Drawing on his own experience with Ellison back in the day, Muhammad quotes Ellison’s 1995 defense of their hero Louis Farrakhan and comments:

That’s pretty powerful language and a powerful argument penned by one Keith X Ellison. Yes. That’s the same Rep. Keith Ellison who represents the Fifth Congressional District in Minnesota and seeks to chair the Democratic National Committee. He was also once known as Keith Ellison-Muhammad.

If Mr. Ellison once believed those things about the Minister and changed his mind, that’s his business. We will leave Allah (God) to judge and handle the hypocrites. But what cannot be tolerated are the lies, the slander and false narrative against Min. Farrakhan. These lies cannot be proven, nor can these false charges be sustained. The Minister has been a strong voice for Black self-determination, a warrior against Jewish paternalism and control of Black people and a sledge hammer against the wall of White supremacy and neo-colonialism. None of that work would make him the favorite of a system or wicked people whose demonic rule he is working to destroy.

But Mr. Ellison knows better. Years ago sitting in my Chicago office here at The Final Call, when I was managing editor, there was no question about Min. Farrakhan and who he was. There was no question when Mr. Ellison, aka Keith X Ellison, aka Keith Ellison-Muhammad, came to Chicago for an urban peace summit in October 1993 that featured Min. Farrakhan, or a vital summit in Kansas City that included Min. Farrakhan as the major speaker and one who helped legitimize the anti-violence movement in April 1993.

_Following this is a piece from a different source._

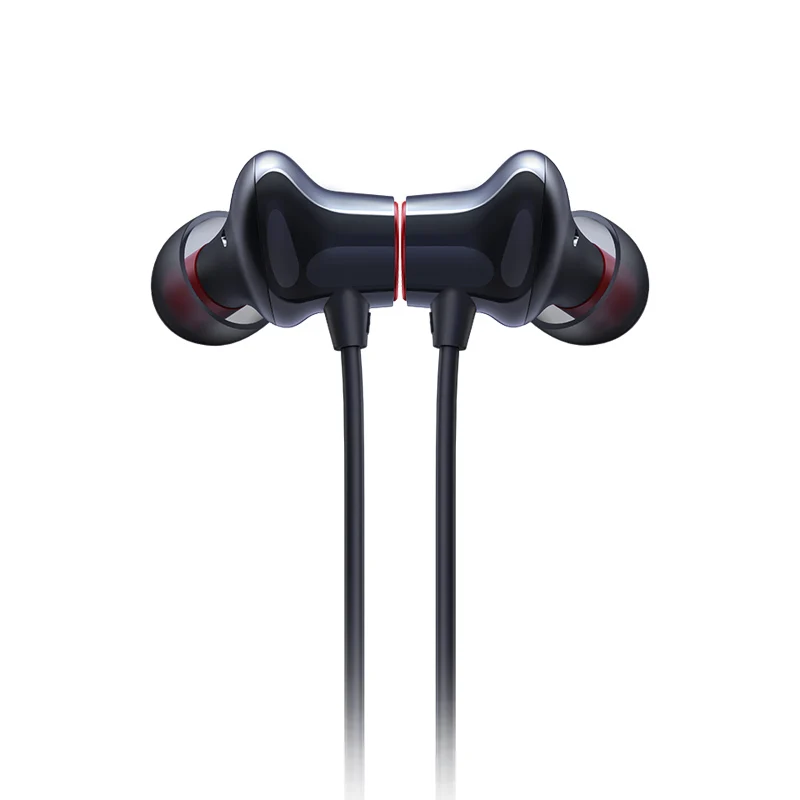 Black 1+ E302A,, Oneplus Bullets, беспроводная, 2, bluetooth гарнитура, варп-заряд, наушники для Oneplus 7T Pro, Oneplus 7 Pro, 6 T, 6, 5T - Цвет: Black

Brent Scher noted Muhammad’s editorial denunciation of Ellison yesterday at the Washington Free Beacon. Scher’s note concludes: “Ellison is yet to comment on The Final Call editorial. His office did not respond to an email from the Washington Free Beacon regarding the piece.” Brent, don’t hold your breath on that one.

I think my 2006 portrait of Ellison stands up better than Ellison’s apologetics.